11 April 2017
During a routine inspection
Skellow Hall is situated in the village of Skellow near Doncaster. The service provides personal care and accommodation for up to 29 people. The service has two floors with two lifts and stairs to access the upper level. Bedrooms are for single occupancy. Some bedrooms have en-suite showers and others have en-suite toilets and wash hand basins.
At the time of our inspection the service had a registered manager. A registered manager is a person who has registered with the Care Quality Commission to manage the service. Like registered providers, they are ‘registered persons.’ Registered persons have legal responsibility for meeting the requirements in the Health and Social Care Act 2008 and associated Regulations about how the service is run.
At the time of our inspection the registered manager was unavailable due to other work commitments. Therefore we liaised with the deputy manager, who is referred to throughout this report.
We looked at care records and found that risks associated with people’s care had been identified. However, instructions on how to minimise risks occurring were not always included in care records.
The provider had a safe and effective system in place for employing new staff. New employees had to complete satisfactory pre-employment checks prior to them commencing their job at the home.
We looked at the systems in place to manage people’s medicines and found this was done in a safe way. We looked at storage and records of medicine and found these were accurate.
We observed staff interacting with people and we found that people’s needs were met in a timely manner. However, some people who used the service and their relatives told us that there were not always enough staff around to meet people’s needs.
The service had a policy in place to safeguard people from abuse. Staff knew how to recognise, record and report abuse.
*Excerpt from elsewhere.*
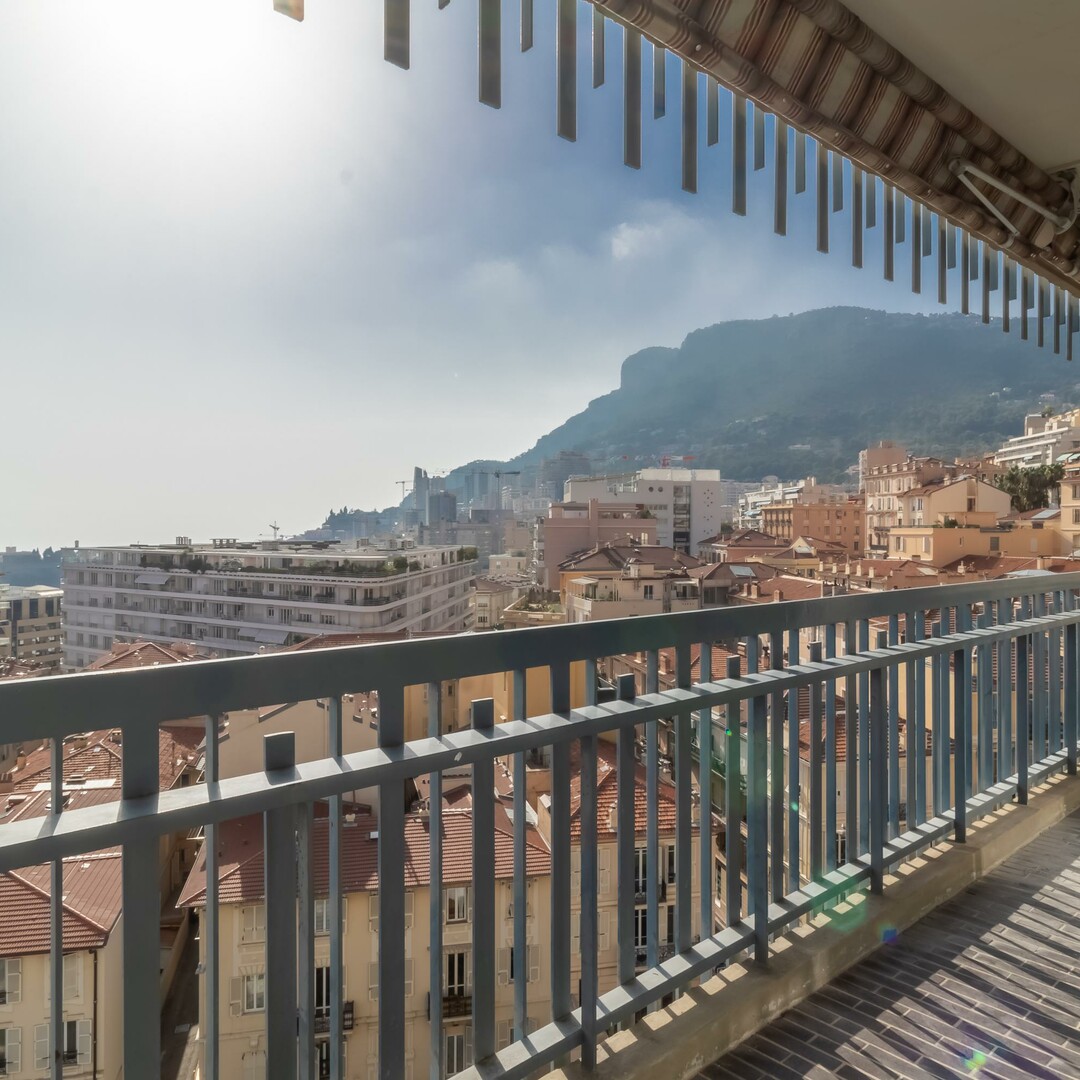 Carré d'Or | 3 pièces rénové et meublé | Vue panoramique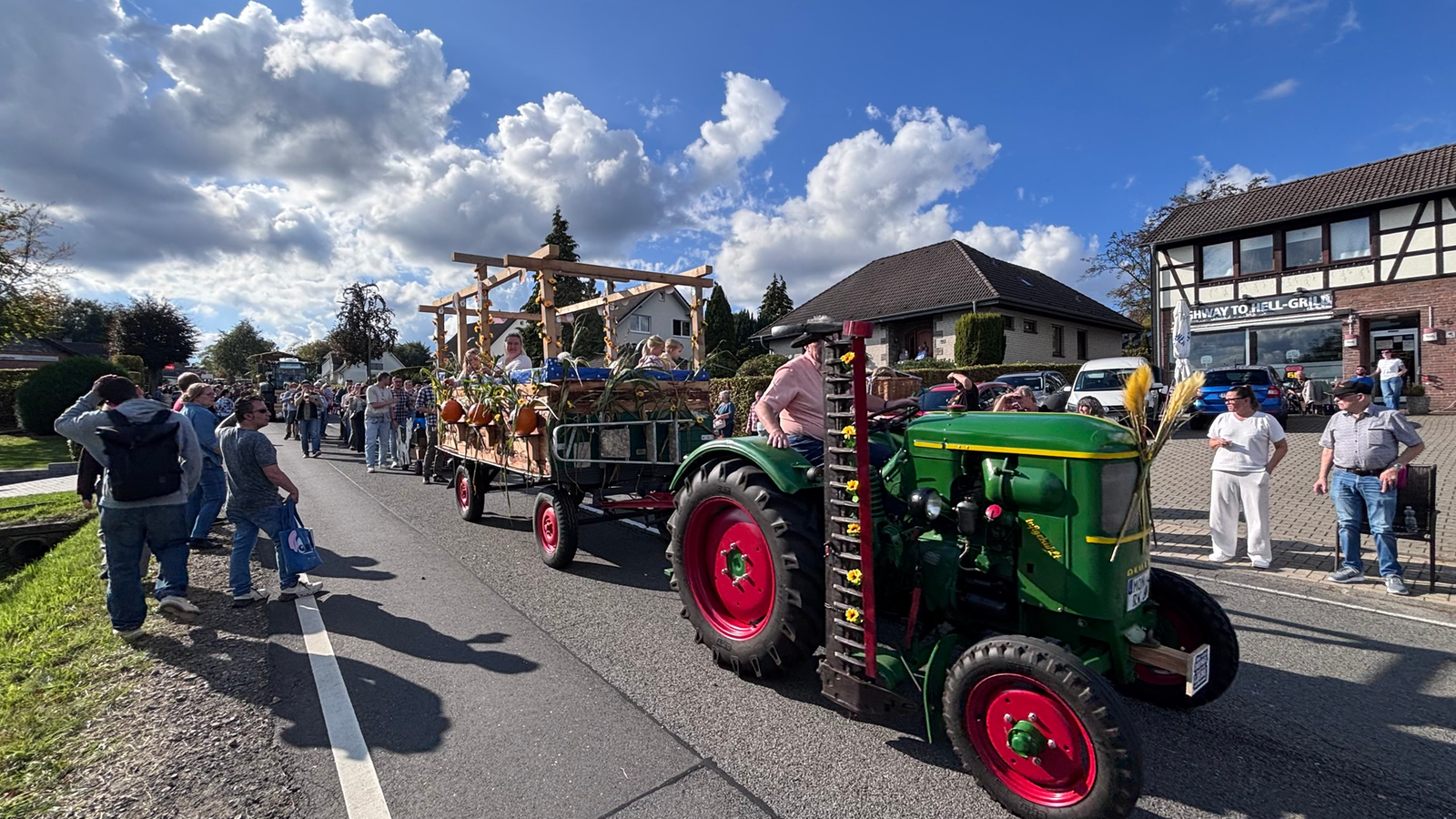 Monschau: 10.000 feiern Erntedankfest in Monschau 1 96d546c955d27973e10dc60728c7e11eac110c2ddee1bf586223561ac927ec24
Training was provided to staff to ensure they were kept up to date with their knowledge. Staff we spoke with felt supported by their managers and felt they were approachable.
The service was meeting the requirements of the Mental Capacity Act 2005 (MCA) and Deprivation of Liberty Safeguards (DoLS).
People received a nutritious and balanced diet which met their needs and maintained their preferences.
People had access to healthcare professionals when required.
Throughout our inspection we observed staff interacting with people who used the service. We found staff were kind, caring and considerate. They worked hard to ensure people’s likes and dislikes were respected.
People did not always receive person-centred care which was appropriate and met their needs. Care plans we looked at did not reflect people’s current needs or indicate how to support people.
The service had an activity co-ordinator who organised and provided social activities for people. We spoke with the activity co-ordinator and found that they planned activities for each month and advertised them in the newsletter.
The service had a complaints procedure and we found that concerns raised had been managed appropriately.
The provider had a system in place to monitor the quality of the service provided. We found that the management team conducted several audits each month. However, these were not always effective.